There’s no doubt that “the space for democracy between elections has shrunk” under Modi, Milan Vaishnav, South Asia director at the Carnegie Endowment for International Peace, told CNBC.

“Today, the liberal character of Indian democracy is less apparent,” he added, with “the rise of majoritarianism, the weakening of checks on executive power and a growing intolerance towards dissent.”

Last year, the government criticized a BBC documentary – which questioned Modi’s alleged role during the deadly 2002 Gujarat riots – and blocked social media platforms from sharing clips of it.

Many of India’s mainstream media outlets, particularly Hindi-language ones, have been “co-opted” to disseminate propaganda to convey “the government’s message”, according to Ali.

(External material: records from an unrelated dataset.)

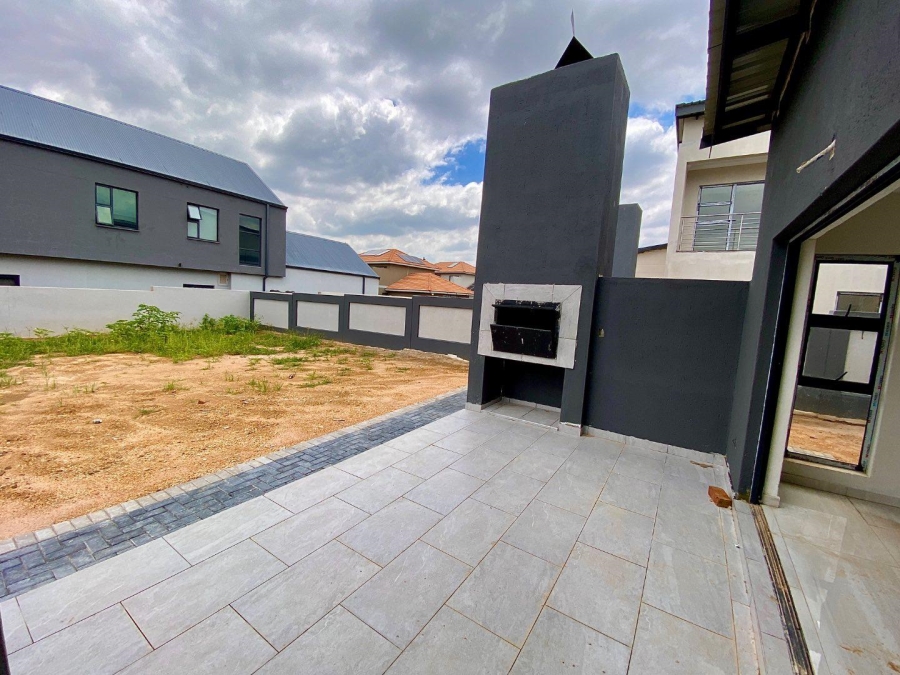 0 Bedroom Property for Sale in Roodepark Eco Estate Gauteng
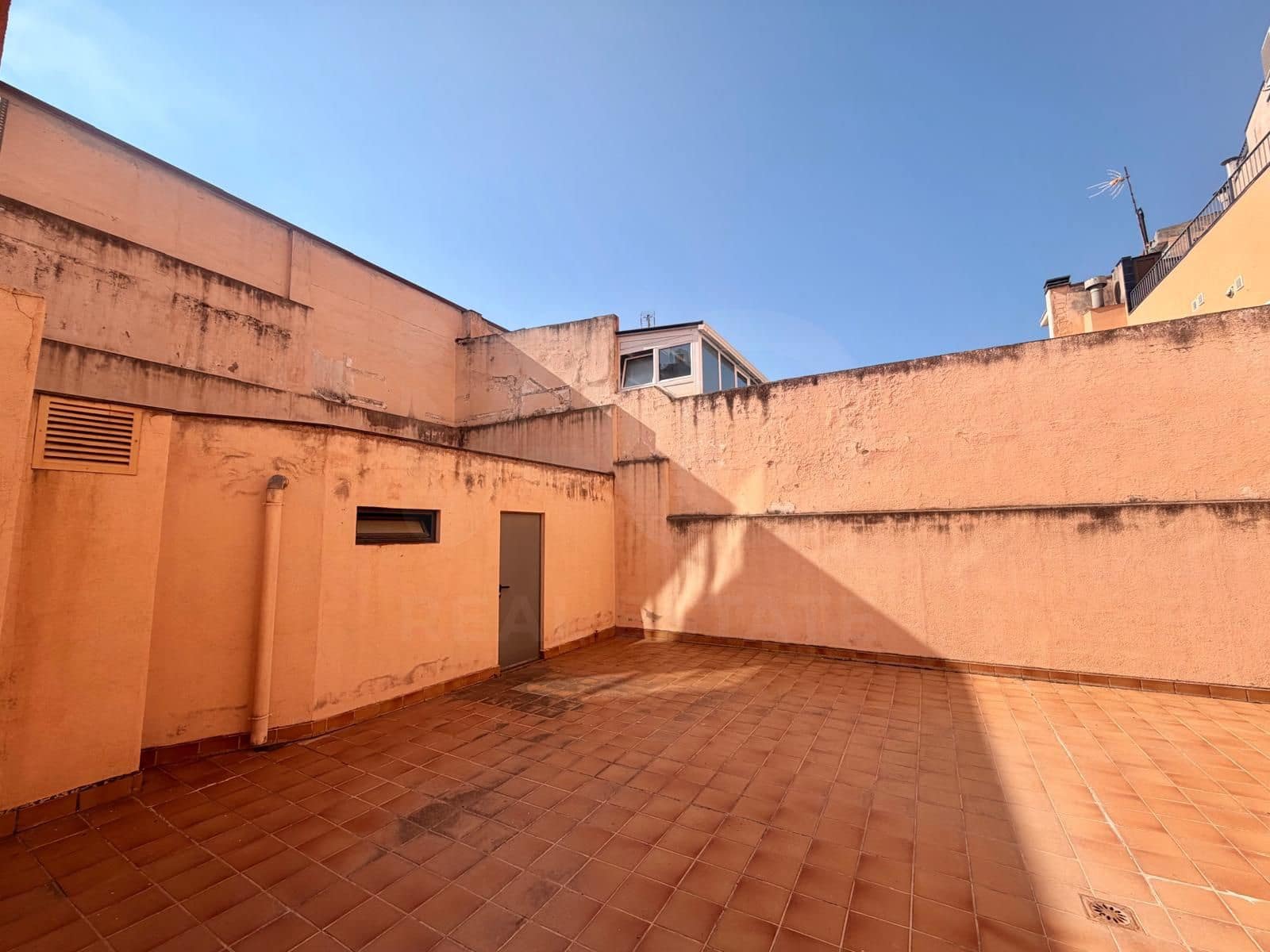 Gewerbe zu verkaufen in Castellar del Valles - 239.000 € (Ref: 10009153)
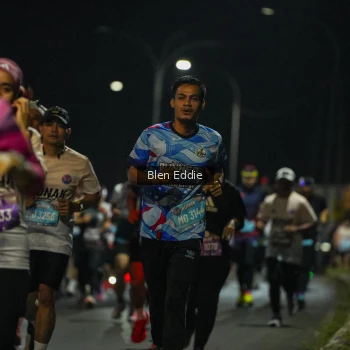 Runner Photo 1625911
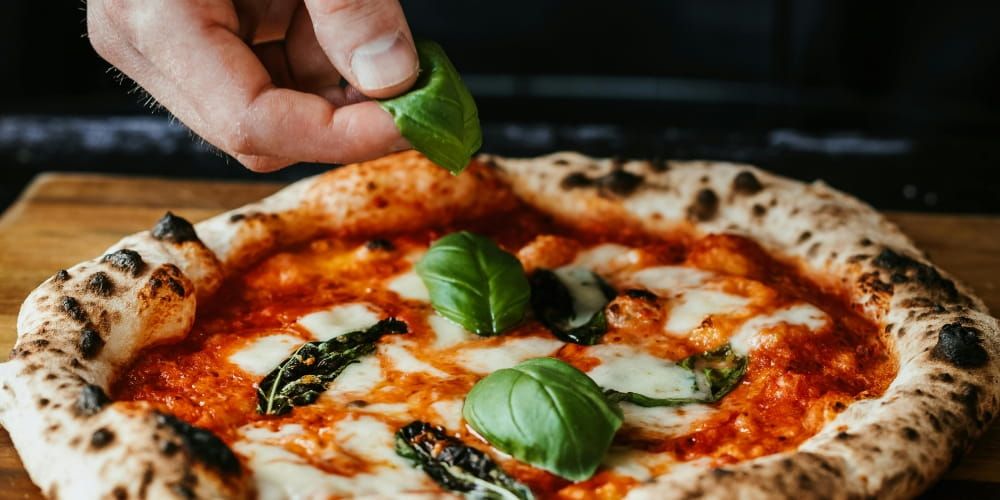How to Spot Real Pizza in Naples: Tips from Locals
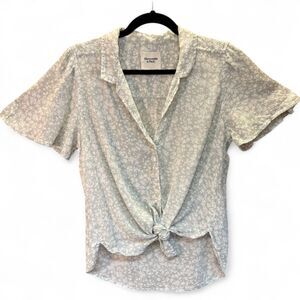 Abercrombie & Fitch Dusty Floral Oversized Button Up T-Shirt size M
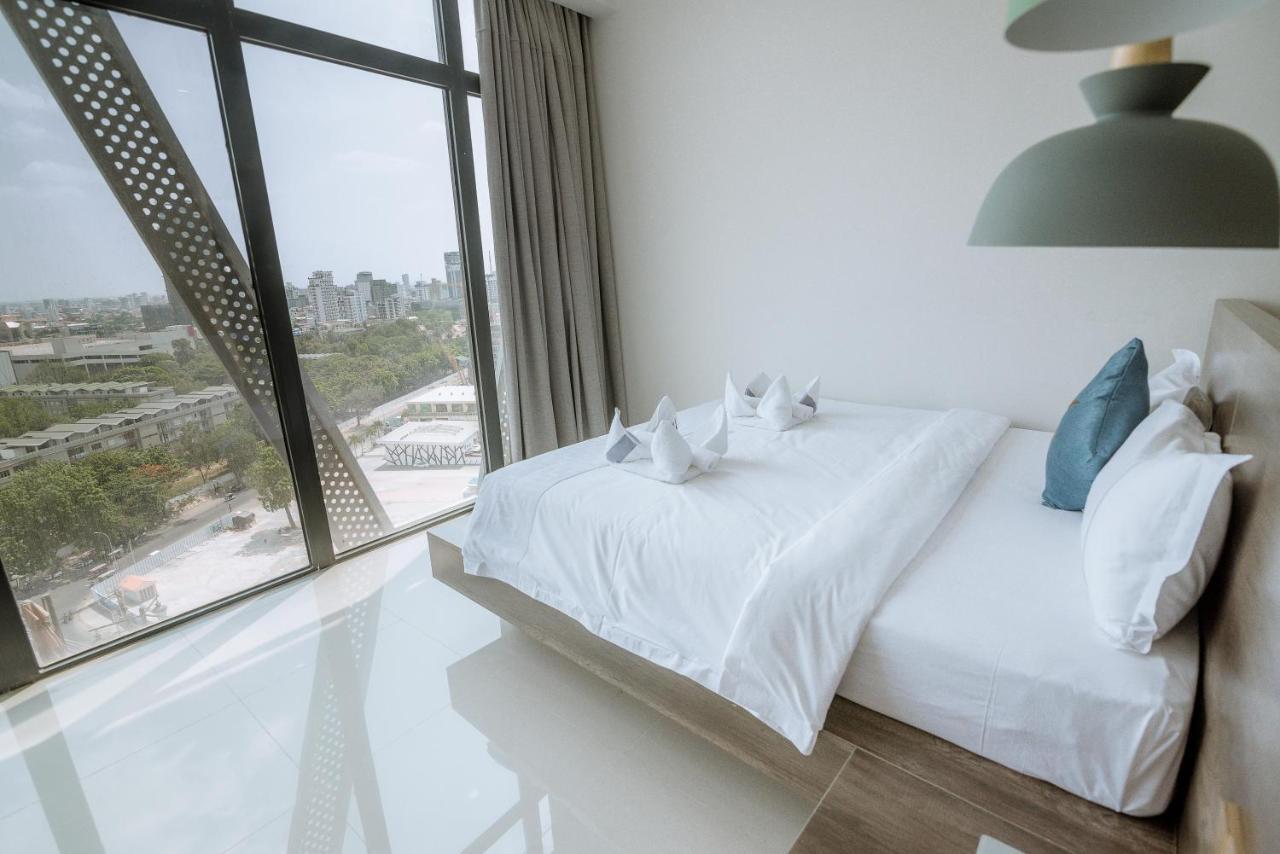 Wooden Maple Hotel Phnom Penh Dış mekan fotoğraf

India shuts down the internet more than any other country, with authorities frequently using such tactics to quell political protests and suppress criticism, rights groups say.

In a recent interview with Newsweek, Modi addressed these issues and called India the “mother of democracy.”

“Our media plays an important role in this,” he said, calling allegations of “diminishing media freedom” in India “dubious.”

The prime minister’s office and the ruling Bharatiya Janata Party did not respond to CNBC’s request for comment.

Opposition “witch hunt”

Before the elections, India’s main opposition – the National Congress party – accused the Modi government of freezing its bank accounts.

“This is a criminal action by the Prime Minister and Home Minister against the Congress party,” Congress leader Rahul Gandhi said in a fiery attack.

“This is being orchestrated to paralyze us before the elections,” he said, adding that the people were being “robbed of their constitution and democratic structure.”

The Modi administration has rejected the opposition’s allegations.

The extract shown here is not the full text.